My head has been on vacation as well.  We found out that my parent’s dog Luke (who I pretty much consider my dog too) has cancer and it’s been a rough week.  My dad noticed a red spot inside his nose which despite various medications was not getting better.  After several tests, they found it was cancerous.  We took him to a surgeon today for a nosectomy.  It’s like it sounds, they had to remove his nose for his best chance of beating the cancer.  Still haven’t seen him yet because he’s staying overnight, but it’s really all I can think about today so I’m sorry my post is more about him than my challenge.  But the staff at the clinic inform us that he’s doing well, awake and alert but on morphine to manage the pain.  He’s the best dog in the world, I really could go on and on about him, but I’ll refrain.  Please keep him in your thoughts.

So this month’s challenge was to incorporate vegetables into baked goodies.  The obvious dish would be to make carrot cake.  But I’ve been wanting some zucchini bread for awhile so picked up zucchini on my way home from work tonight.

While looking up recipes on AllRecipes.com, I decided to make zucchini brownies instead.  Got out my mini food processor to basically puree the zucchini and whipped up some brownies, quick and easy.  Only modifications I made to the recipe were to use 6 tablespoons of butter and 1 tablespoon of olive oil instead of the vegetable oil, reduce the sugar to 1 cup, add an egg, and add 3/4 a cup of chocolate chips to the batter.  I also only made just over half the amount of frosting.

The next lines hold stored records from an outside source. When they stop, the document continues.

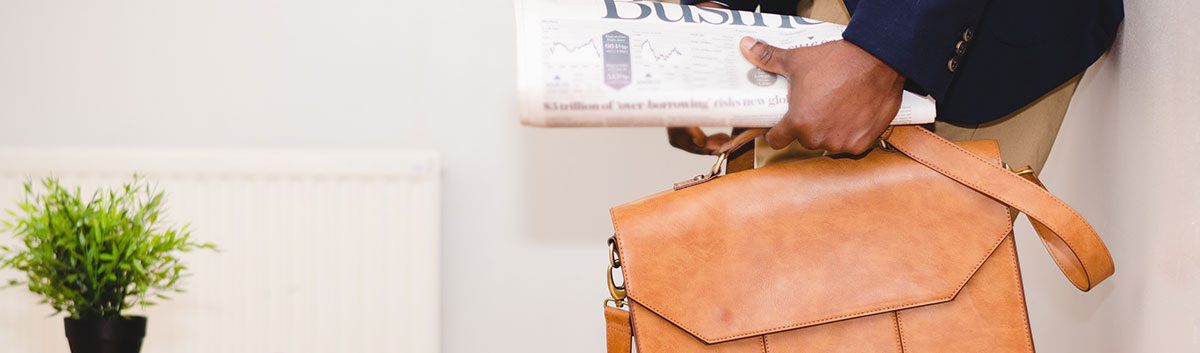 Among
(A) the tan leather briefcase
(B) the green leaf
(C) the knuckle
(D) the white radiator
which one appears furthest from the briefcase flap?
(D) the white radiator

Final result?  Cake.  I tend to think of brownies as fudgey dense deliciousness.  This recipe yielded a light and fluffy chocolate cake.  Really couldn’t tell that zucchini was in it.  It was actually pretty good . . . just not brownies.

I hope to get back to business next month and dive into a good baking challenge.  I think things are calming down a bit so I should be able to find the time.  Until then, I will try to blog again with all the other creations that have come out of my kitchen since January.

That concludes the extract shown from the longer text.